Wolfgang Staehle Explained

Wolfgang Staehle (born 1950) is an early pioneer of net.art in the United States, known for his video streaming of the collapse of the World Trade Center in New York City during the September 11 attacks. He also captured the crash of the first plane into the World Trade Center.

Education

Wolfgang Staehle was born in Stuttgart, Germany in 1950, and studied at the Freie Kunstschule Stuttgart. In 1976, he moved to New York and graduated with a Bachelor of Fine Arts degree from the School of Visual Arts.

Life and work

After getting his Bachelor of Fine Arts degree, he worked as a video artist, and in 1991, he founded The Thing.[1] The Thing was an Internet forum for new media art.It started out as an independent media project that began as a bulletin board system (BBS) that later became an online forum for artists and cultural theorists to exchange ideas. By the late 1990s, The Thing grew into a successful online community and began hosting artists' websites. It also includes a mailing list and was the first Website devoted to net.art, bbs.thing.net.[2]

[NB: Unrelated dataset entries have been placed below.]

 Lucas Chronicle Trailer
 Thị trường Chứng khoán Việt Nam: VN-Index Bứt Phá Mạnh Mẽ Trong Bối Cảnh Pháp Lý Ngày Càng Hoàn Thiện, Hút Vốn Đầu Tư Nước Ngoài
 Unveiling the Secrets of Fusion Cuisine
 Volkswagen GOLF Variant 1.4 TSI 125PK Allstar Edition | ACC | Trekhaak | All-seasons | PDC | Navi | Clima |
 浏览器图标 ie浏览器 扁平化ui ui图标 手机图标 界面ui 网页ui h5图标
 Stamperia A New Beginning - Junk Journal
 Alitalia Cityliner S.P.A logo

In 1996, he started his series of live online video streams. His first series is called Empire 24/7 where he documented the Empire State Building in New York City. He documented it by setting up a digital still camera at The Thing's office located in New York's West Chelsea neighborhood. Every four seconds, the camera took a picture of the building and the images were sent and projected in a gallery at the ZKM Center for Art and Media Technology in Karlsruhe, Germany. This project was a reference to Andy Warhol's 1964 film Empire which was a silent, eight-hour-long black-and-white film in which the camera focused on the Empire State Building from dusk until dawn.[3]

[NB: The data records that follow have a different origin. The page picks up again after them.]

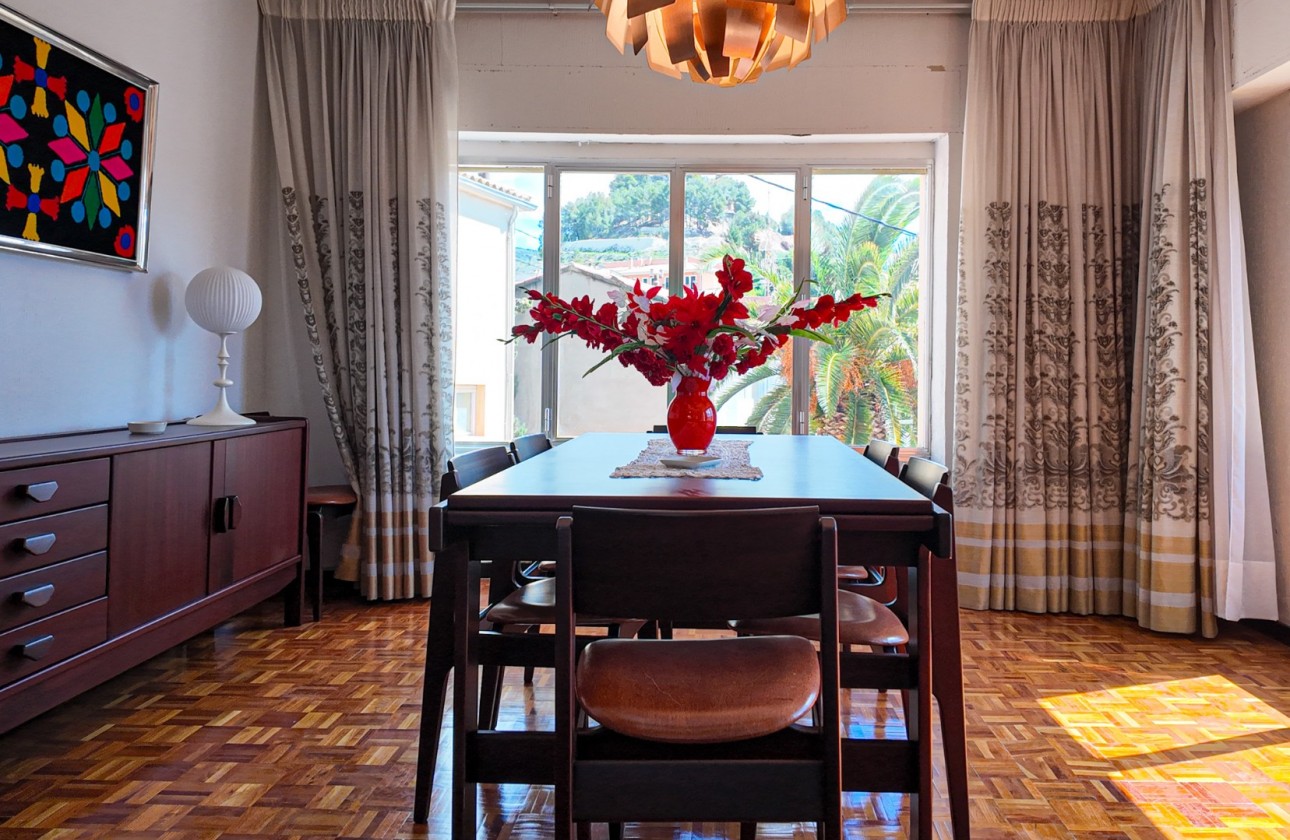 Resale - Villa - Ibi - Center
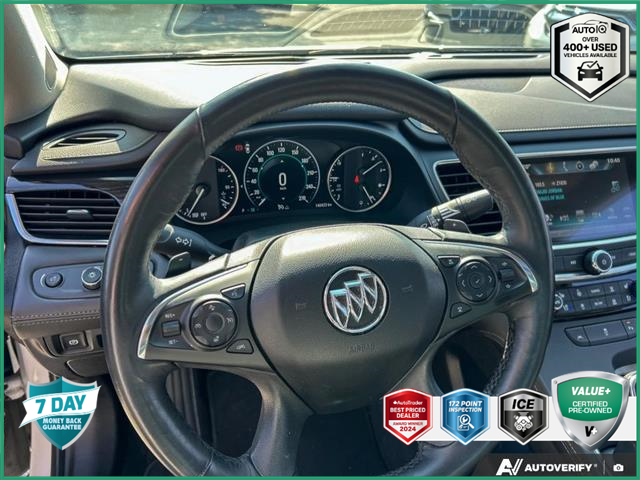 2018 Buick LaCrosse Premium (Stk: P187533) in Grimsby - Image 14 of 24 2018 Buick LaCrosse Premium (Stk: P187533) in Grimsby - Image 14 of 24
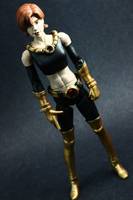 Ultimate Jean Grey (Marvel Legends) Custom Action Figure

Staehle has continued working on his series of live online video streams of other buildings, landscapes and cityscapes such as the Fernsehturm in Berlin, the Comburg Monastery in Germany, and a Yanomami village in the Brazilian rainforest. Staehle currently serves as the Executive Director of The Thing and is represented by the Postmasters Gallery in New York.[4]

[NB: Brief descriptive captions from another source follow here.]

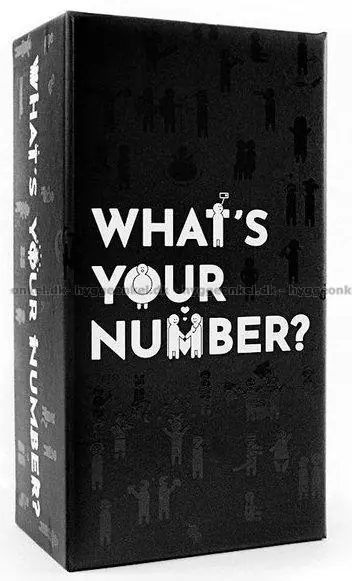 What‘s Your Number? | Snabb frakt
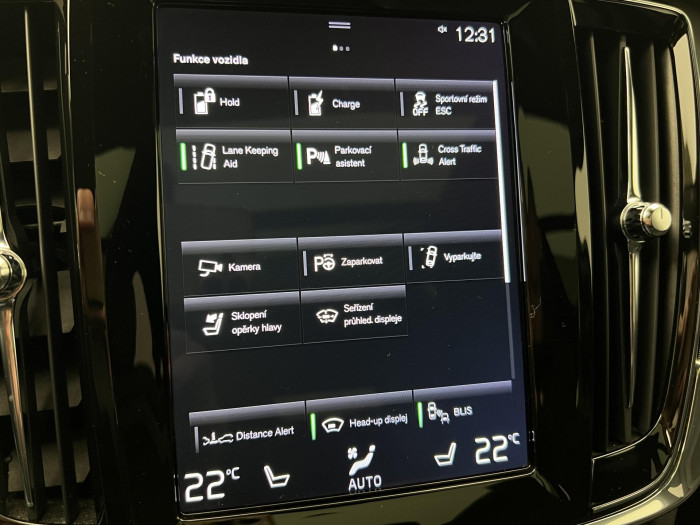 Volvo V90 T8 AWD RECHARGE R-DESIGN AUT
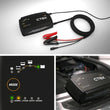 Load image into Gallery viewer, CTEK PRO25S Battery Charger - 50-60 Hz - 12V - Main Product View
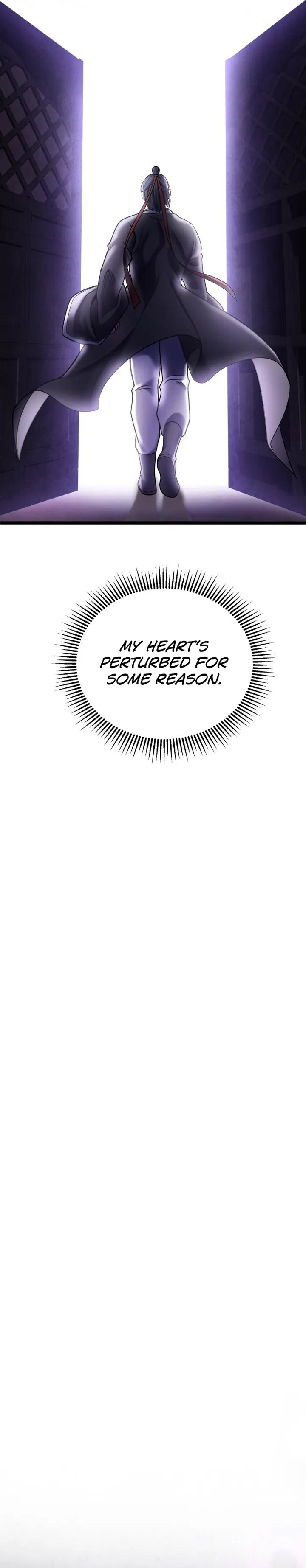 The Youngest Son of Habukpanga Chapter 91 — Page 35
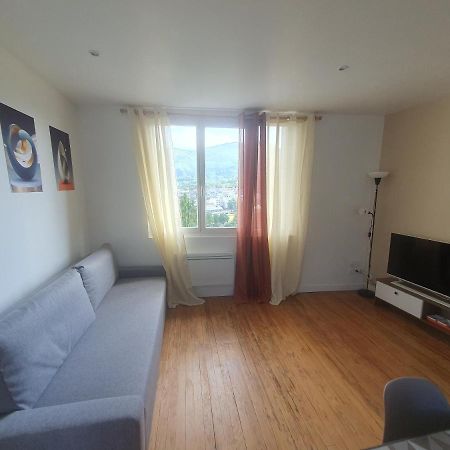 Appartement Cosy Лурд Екстериор снимка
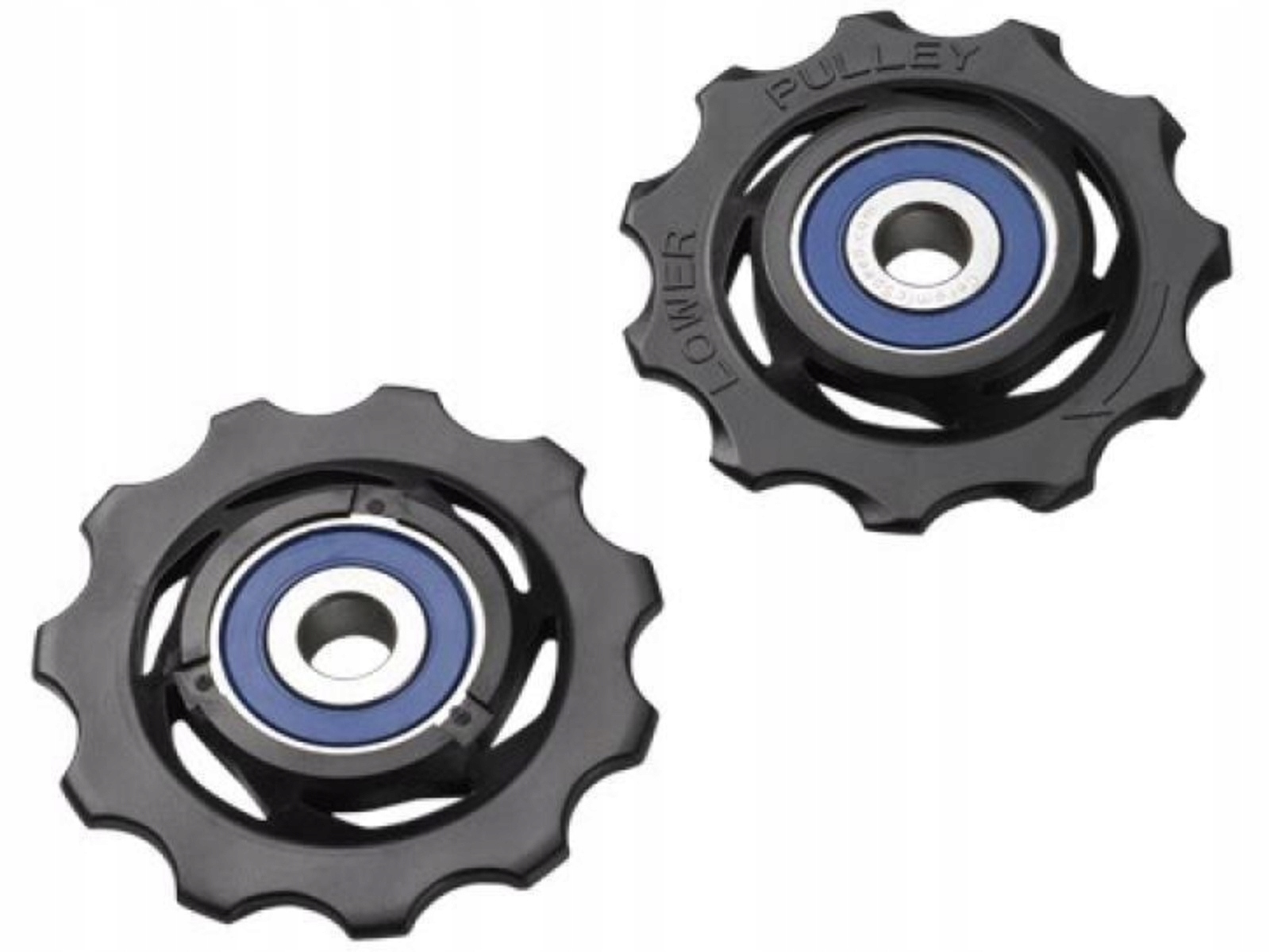 Sada přehazovacích koleček pro Sram X01/X01DH/X1/CX1 X-sync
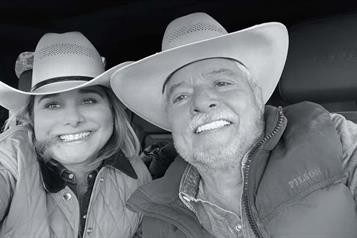 Fallece esposo de la gobernadora de Chihuahua Maru Campos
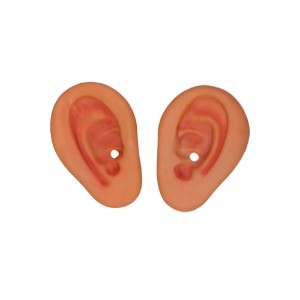 Уши Джъмбо, винил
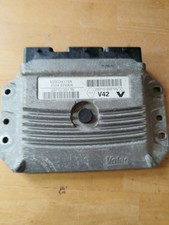 ECU Renault Clio Dacia Sandero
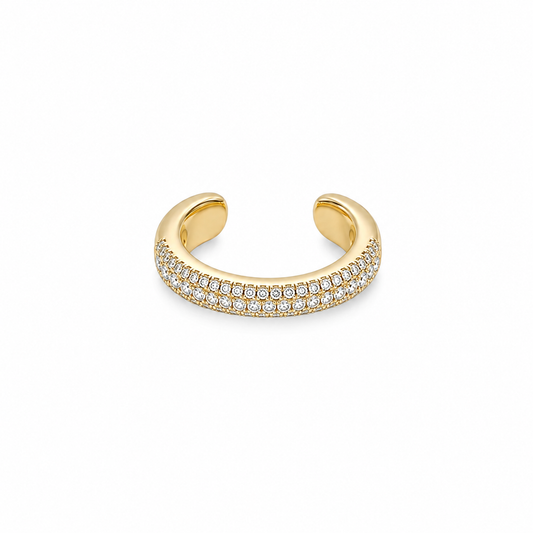 Ear cuff Luna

Wolfgang Staehle is also famous for his time lapse footage of the events of Tuesday, September 11, 2001.[5] Taken from his office in Brooklyn, Wolfgang Staehle's video is one of only three known videos to capture American Airlines Flight 11 impacting the North Tower of the World Trade Center, along with videos taken by Jules Naudet[6] and Pavel Hlava.[7]

Notable projects

Exhibitions

Solo exhibitions

1987
1988
1989
1990
1991
1993
1996
2000
2001
2004
2008
2009
2012
2014
2015
2016

Group exhibitions

2001
2002
2003
2004
2005
2006
2007
2008
2009
2011
2012
2013
2014
2015
2016
2017
2018

Germany.

Germany.

2019

References

External links

Notes and References

  1. Dieter Daniels, Gunther Reisinger (Eds.) "Net Pioneers 1.0: Contextualizing Early Net-Based Art", Sternberg. 2010.
  2. Web site: Staehle's Resume. 2008-04-28.
  3. Dieter Daniels, Gunther Reisinger (Eds.) "Net Pioneers 1.0: Contextualizing Early Net-Based Art", Sternberg. 2010.
  4. Book: Tribe, Mark. New Media Art. Jana,Reena . 2007. Taschen. Germany. 978-3-8228-3041-3. 90.
  5. Web site: A view of the Towers: Video that captured 9-11 to screen at Brooklyn Historical Society. 11 September 2018 . 2019-02-19.
  6. Web site: Bond of Brothers. . 11 September 2014 . 2019-02-19.
  7. News: TWO YEARS LATER: IMAGES; A Rare View Of Sept. 11, Overlooked. The New York Times . 7 September 2003 . 2019-02-19 . Glanz . James .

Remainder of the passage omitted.